Can tapping help anxiety?
As soon as my alarm goes off, I get a familiar feeling in my chest. It’s Monday morning, the week ahead is going to be busy, and I’m feeling anxious. Fast-forward a couple of hours, I’m feeling a little calmer and ready to join my Zoom call with Charlie O-Brien (clinical hypnotherapist, life coach and EFT practitioner) for my first ever emotional freedom technique (EFT) session.
Having written about EFT before, I already had an idea of what to expect – tapping acupuncture points on your body while repeating statements about a problem you’re encountering. But experiencing it first hand (quite literally) is another matter.
What makes it so powerful is the way it ‘updates the brain’s learning’ as outlined in Dr Peta Stapleton’s TEDx talk, ‘Is therapy facing a revolution?’ In this talk, Dr Stapleton explains that the combination of accessing a difficult memory or feeling while in a ‘contrary’ state (relaxed) and repeating the process updates our brain’s learning. The secret to getting into that relaxed state is in the tapping.
A 10-year research trial by Harvard University has revealed that stimulating these acupuncture points sends a signal to the amygdala in our brain to calm down. With just one hour of tapping, our stress hormone levels can be reduced by 24%. For comparison, if we were to lie down and rest for an hour, our stress hormone levels would only reduce by 14%.
Before our session, Charlie told me about her own tapping experience as she was training to be an EFT practitioner.
I tapped on a ‘feeling’ I got in my stomach if anyone ever mentioned my abusive ex’s name.
“Over the years I’d worked on the trauma, but this horrible feeling still clung on and I decided it was time to completely release myself from the past trauma.
“It worked. That’s all I can say. Ever since that day I’ve not been able to recall that nasty feeling in my stomach. That person no longer has control over me, and it’s liberating.”
The idea of being able to tap away a problem is an enticing one, and I knew the quest to be free of anxiety is my white whale.

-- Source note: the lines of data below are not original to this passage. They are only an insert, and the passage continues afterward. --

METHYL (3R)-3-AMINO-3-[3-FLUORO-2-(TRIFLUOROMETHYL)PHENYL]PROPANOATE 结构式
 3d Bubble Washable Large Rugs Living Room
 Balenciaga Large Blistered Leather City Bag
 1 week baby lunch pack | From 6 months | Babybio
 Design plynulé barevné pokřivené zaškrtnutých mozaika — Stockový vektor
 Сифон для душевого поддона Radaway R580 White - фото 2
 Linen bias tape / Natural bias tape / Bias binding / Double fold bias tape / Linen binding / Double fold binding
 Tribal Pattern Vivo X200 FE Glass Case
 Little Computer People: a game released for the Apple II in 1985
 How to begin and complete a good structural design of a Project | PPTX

We began our session by talking about anxiety, and specifically how I was feeling there and then. Charlie asked me where I could feel anxiety in my body (in my torso, mainly my chest), how it felt (fluttery, like butterflies), and where my anxiety levels were on a scale from 0 to 10 (about a four).
Charlie then showed me the first tapping point, the outside edge of my palm. We tapped this and repeated a ‘set-up statement’ to get us in the right headspace. We repeated it three times before our first round of tapping.
Starting at the inner eyebrow we tapped, moving to the outside of my eye, under my eye, under my nose, my chin, under my collarbone, under my arm and finishing at the top of my head. Following Charlie’s lead, I repeated simple phrases about feeling anxiety while I tapped.
After this, we paused and did a quick breathing exercise. Charlie asked me where I was on the scale (down to a three) and where I could feel the anxiety in my body. To my surprise, it had moved. I could now feel the ‘fluttery’ feeling in my throat, ears and head. With a nod and a smile, Charlie explained that tapping moves sensations around the body and this was a good sign – it was on its way out.
We did another round, and this time I felt like I was going into a meditative state, feeling utterly relaxed by the end of it. I wondered if this would be the end of the session but no, Charlie wanted to take things deeper to truly unpick whatever it was my anxiety was clinging on to.
As we talked, I explained some deep-rooted fears relating to anxiety, stress and its relation to work. And so, we tapped on this. Stating the problem so clearly feels counterintuitive, but by repeating the statements I became almost desensitised to them. By the end, I wasn’t totally released of anxiety, but Charlie said the deeper issues often took more work.
Before bed that night, I did another round of tapping myself. When the alarm went off the following morning I waited for the inevitable anxious feeling in my chest to rise… but it didn’t.
So, do I think tapping has taken away my anxiety completely? Not yet. I don’t believe my journey with anxiety is over, but I’m excited to add tapping to my anti-anxiety toolbox and see where it takes me.
Try this at home
If you haven’t got time for a full round of tapping or you’re in public and want to be discreet, use a couple of fingers to tap the inside of your wrist, moving to the inside edge of each finger (where the nail meets the skin). Say the problem you want to tap on with each point out loud or in your head. Repeat until you feel calmer.